Bangunan yang terbawah adalah Beji Waringin Pitu. Dari Beji Waringin Pitu inilah, beningnya kesucian aksara meluncur dan mengalir deras membilas tubuh dan kesadaran (Sang Jiwa).Sang arsitek, rupanya hendak mengajarkan filsafat air dan ketuhanan melalui aksara suci Bali, tentang : penciptaan aksara dan manusia serta bagaian-bagian tubuhnya. Proses ini bekerja dalam alam (bhuana agung) dan tubuh manusia (Bhuana Alit). Tampaknya gagasan ini banyak termuat dalam lontar Ganapati Tatwa.
Ida Bagus Jenewa
Air dalam kehidupan bermakna begitu besar dalam hidup dan dalam tubuh manusia. Dalam kehidupan, jika saluran air baik, maka kehidupan dapat berjalan dengan wajar.Begitu juga dalam tubuh manusia. Ida Bagus Anom Jenewa dari Griya Aseman Kapal menjelaskan proses itu bekerja dengan baik atau tidak semuanya diketahui dan dikendalikan melalui 7 lubang kehidupan manusia: kulit, mata, mulut, hidung, telinga, alat kelamin dan anus.Simbol relief pancuran dari paling kiri ke kanan yaitu:
- 1-ang-ung-windu nada simbol kulit pori
Pancuran ke 2-aksara mang simbolnya mata
(1) aksara nada windu (ang-ung) simbol panas dan udara, disimbolkan sebagai pori-pori kulit. Aksara ini menceritakan penciptaan kehidupan yang semula adalah kosong, melalui persenggamaan suci melahirkan kehidupan sebagaimana air memberikan kehidupan; (2) Aksara Chandra (mang) disimbolkan dengan mata;
(3) Aksara Ongkara (siwa) dan simbol mulut; (4) Aksara Mangkara (Iswara) dan simbol hidung; (5) Aksara Ungkara (wisnu, air) dan simbol telinga; (6) Aksara Akara (Brahma, ang/ah) disimbolkan dengan relief penis; (7) Aksara Akara (brahma, ang/ah) disimbolkan dengan anus . Keduanya manifestasi dari dualitas, feminin, maskulin, purusa-pradana , rwa bhinneda dan pelepasan, atau akhir.

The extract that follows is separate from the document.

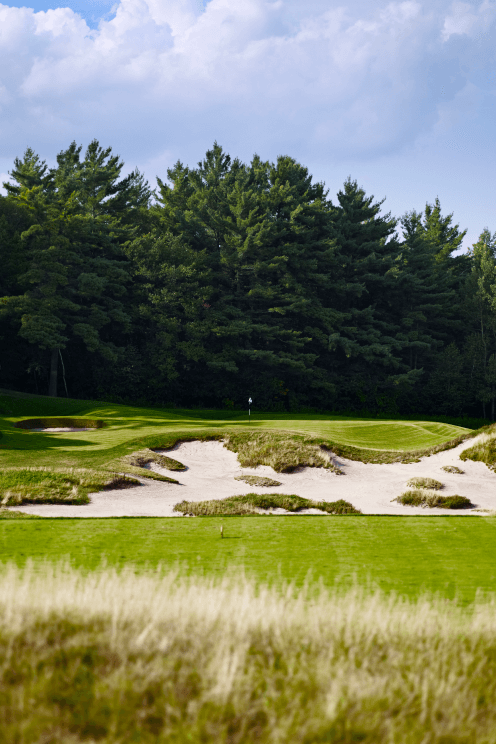 View of a hole's sand trap, green and flag.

Begitulah proses kehidupan ditujukan terakhir sebagai pelepasan duniawi (moksa). Bening Aksara di Beji Waringin Pitu menyucikan kembali semua kekotoran dan sedimen penderitaan manusia. Dengan memahami ini maka tujuan mencapai pembebasan diri diri dapat tercapai dengan baik.